Quick Links

== PostgreSQL Weekly News - August 10 2008 ==

From:	David Fetter <david(at)fetter(dot)org>
To:	PostgreSQL Announce <pgsql-announce(at)postgresql(dot)org>
Subject:	== PostgreSQL Weekly News - August 10 2008 ==
Date:	2008-08-11 05:00:30
Message-ID:	20080811050030.GA15314@fetter.org
Views:	Whole Thread \| Raw Message \| Download mbox \| Resend email
Thread:
Lists:	pgsql-announce

== PostgreSQL Product News ==

BitNami LAPPStack 1.0 released.
http://bitnami.org/stack/lappstack

pgbouncer 1.2.3 released.
http://pgfoundry.org/projects/pgbouncer/

phpPgAdmin 4.2.1 released.
http://sourceforge.net/project/showfiles.php?group_id=37132

PyReplica 1.0.3 released.
http://pgfoundry.org/projects/pyreplica/

Another PostgreSQL Diff Tool 1.2 released.
http://pgfoundry.org/projects/apgdiff/

pgSphere 1.0.1 released.
http://pgfoundry.org/projects/pgsphere/

PostgreSQL Toolbox 1 released.
http://pgfoundry.org/projects/pg-toolbox/

== PostgreSQL Jobs for August ==

http://archives.postgresql.org/pgsql-jobs/2008-08/threads.php

== PostgreSQL Local ==

The Prato Linux User Group will be having PostgreSQL talks in
September. The schedule in Italian is:
http://www.prato.linux.it/serate_a_tema_2008

PGCon Brazil 2008 will be on September 26-27 at Unicamp in Campinas.
http://pgcon.postgresql.org.br/index.en.html

PgDay.fr will be October 4 in Toulouse. The Call for Papers is open:
http://www.postgresqlfr.org/?q=node/1686
Registration:
http://www.pgday.fr/doku.php/inscription

Sponsor the European PGDay!
http://www.pgday.org/en/sponsors/campaign

The Call for Papers for European PGDay has begun.
http://www.pgday.org/en/call4papers

PGDay.(IT|EU) 2008 will be October 17 and 18 in Prato.
http://www.pgday.org/it/

== PostgreSQL in the News ==

Planet PostgreSQL: http://www.planetpostgresql.org/

General Bits, Archives and occasional new articles:
http://www.varlena.com/GeneralBits/

PostgreSQL Weekly News is brought to you this week by David Fetter and
Devrim GUNDUZ.

Submit news and announcements by Sunday at 3:00pm Pacific time.
Please send English language ones to david(at)fetter(dot)org, German language
to pwn(at)pgug(dot)de, Italian language to pwn(at)itpug(dot)org(dot)

== Applied Patches ==

Tom Lane committed:

- Improve CREATE/DROP/RENAME DATABASE so that when failing because the
source or target database is being accessed by other users, it tells
you whether the "other users" are live sessions or uncommitted
prepared transactions. (Indeed, it tells you exactly how many of
each, but that's mostly just because it was easy to do so.) This
should help forestall the gotcha of not realizing that a prepared
transaction is what's blocking the command. Per discussion.

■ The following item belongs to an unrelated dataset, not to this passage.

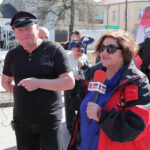 07.04.2014 Włoszczowa. Radio Kielce rozpoczyna nadawanie na 100FM. Z włoszczowskiego rynku nadawliśmy audycję Kto Tu Rządzi, program prowadziła Ewa Okońska. Nie zabrakło zawiadowcy z włoszczowskiej stacji. / Wojciech Habdas / Radio Kielce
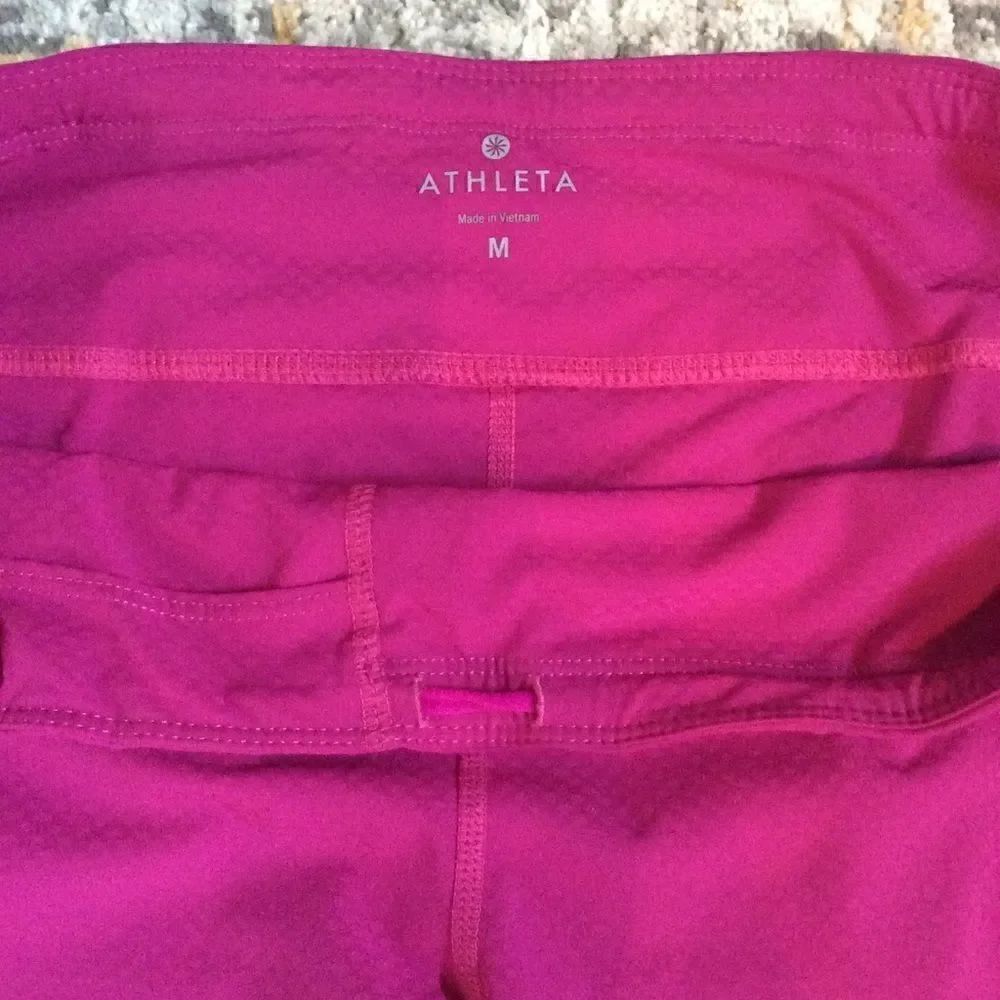 ATHLETA DOBBY BE FREE REFLECTIVE CAPRI LEGGINGS! M - Picture 6 of 8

- Improve SELECT DISTINCT to consider hash aggregation, as well as
sort/uniq, as methods for implementing the DISTINCT step. This
eliminates the former performance gap between DISTINCT and GROUP BY,
and also makes it possible to do SELECT DISTINCT on datatypes that
only support hashing not sorting. SELECT DISTINCT ON is still
always implemented by sorting; it would take executor changes to
support hashing that, and it's not clear it's worth the trouble.
This is a release-note-worthy incompatibility from previous PG
versions, since SELECT DISTINCT can no longer be counted on to
deliver sorted output without explicitly saying ORDER BY. (Anyone
who can't cope with that can consider turning off enable_hashagg.)
Several regression test queries needed to have ORDER BY added to
preserve stable output order. I fixed the ones that manifested
here, but there might be some other cases that show up on other
platforms.

- In pgsql/src/test/regress/pg_regress.c, fix some message style
guideline violations in pg_regress, as well as some failures to
expose messages for translation.

- In pgsql/src/backend/storage/buffer/bufmgr.c, in ReadOrZeroBuffer
(and related entry points), don't bother to call PageHeaderIsValid
when we zero the buffer instead of reading the page in. The actual
performance improvement is probably marginal since this function
isn't very heavily used, but a cycle saved is a cycle earned Zdenek
Kotala

- Add an ORDER BY to one more SELECT DISTINCT test case, per buildfarm
results.

- In pgsql/src/backend/optimizer/plan/planner.c, department of second
thoughts: fix newly-added code in planner.c to make real sure that
DISTINCT ON does what it's supposed to, ie, sort by the full ORDER
BY list before unique-ifying. The error seems masked in simple
cases by the fact that query_planner won't return query pathkeys
that only partially match the requested sort order, but I wouldn't
want to bet that it couldn't be exposed in some way or other.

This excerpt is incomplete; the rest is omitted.